Updated: Aug 5
As a singer, we have all heard the phrase “oh I have nodes” in fact is was made a huge focal point in the movie “Pitch Perfect” Most of the time when I get a phone or email from someone who is injured they always say that their number one fear is nodules or another vocal injury. If there is an injury it is not the end of your career. In fact, there are very few vocal injuries that would force you to seek another path. One fear that we need to work hard to take away; that if an injury happens, it’s not the end of the world. We need to make sure we understand what caused it, what happened, and move forward from there.
An injury may occur based on something that a person wasn’t even doing while they were singing or talking. A voice injury can happen because of an emotional trauma, a mental trauma, or another physical trauma on another part of their body that pulls everything out of place.
I understand what it’s like to be injured, because I personally have been vocally injured. I understand the guilt and shame that comes with that injury. My injury didn’t come from a voice injury, it came from an emotional trauma which later manifested itself in my voice.
When I work with my clients on voice rehabilitation, we work with some of the best medical teams in the United States. I consult with either my team or your medical team on behalf of you, my client, so we can figure out a plan based on the diagnosis that was given. Once we are cleared, we then gently get you back into voicing again, rehabbing the voice back where it should be and better than it was. If you don’t have a team then I am there helping you find the right professionals who fit your needs both medically and personally. Every singer or vocal athlete should have medical team that they can call and consult with at any time. But that is going to be another blog post for another time!
As a client who is focusing on rehabilitation we set up healthy vocal and physical boundaries and limits and the work towards how to voice again within your full potential and scope of vocal range without re-injury and without being afraid to sing and voice again because of an injury. We discuss and practice how to move forward, how to make the best choices possible and how not to live in fear or have that fear control us. This will work on vocal warmups and cool downs and technical application. We will also dive deep into repertoire and dissecting your songs, scripts, and vocal acrobatics as well as your speech!

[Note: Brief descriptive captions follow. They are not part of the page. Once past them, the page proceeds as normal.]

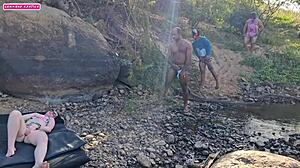 She met three guys at the river for an outdoor orgy, getting cum on her ass in cowgirl.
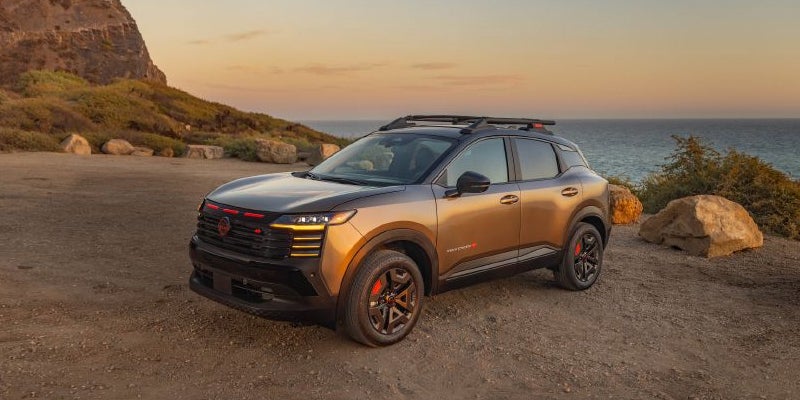 Gray 2027 Kicks parked near the coastline at sunset with a scenic ocean backdrop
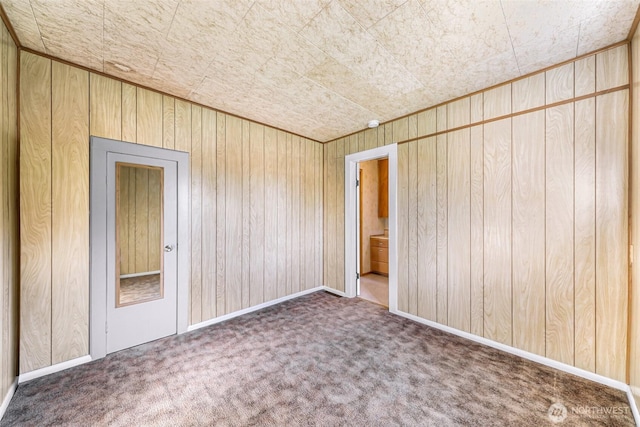 spare room with wood walls, baseboards, and dark carpet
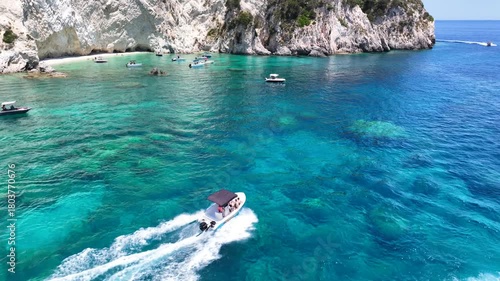 Aerial drone cinematic video of paradise bay with scenic white cliffs covered with limestone and sea caves creating a blue lagoon in tropical exotic destination island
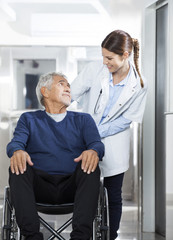 Canvas Print - Doctor Looking At Senior Patient On Wheel Chair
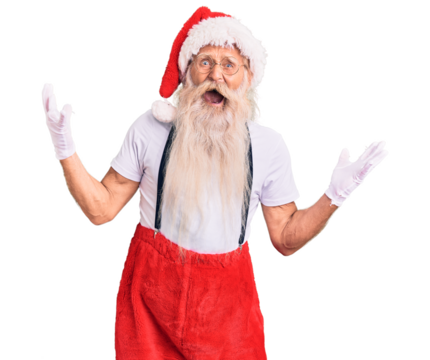 Old senior man with grey hair and long beard wearing santa claus costume with suspenders crazy and mad shouting and yelling with aggressive expression and arms raised. frustration concept.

Although some people are nervous to talk about injury, I am willing to bet that those that have been injured feels that fear, that fear of voicing or fear of singing again because they think they will re-injure. If the rehabilitation is taken seriously and done appropriately our goal would be that it doesn’t happen again. Through proper vocal rehabilitation the artist can gain more control , freedom and flexibility of their voice.
I want to be an advocate for the injured, to let them know that they are not alone and no matter what we can rehab back out of it. It might be a little stumbling block, but we will learn from it, do what we need to prevent it from happening again and get back out there letting the world hear what you are meant to do!
Let’s embrace the journey together and move forward, without fear, so artists and vocal professionals can get back out on stage and do what they were meant to do, do what’s a part of them, their soul and life purpose, and that a vocal injury is not an end. It might be a little stumbling block, but we will learn from it, do what we need to prevent it from happening again and get back out on the road.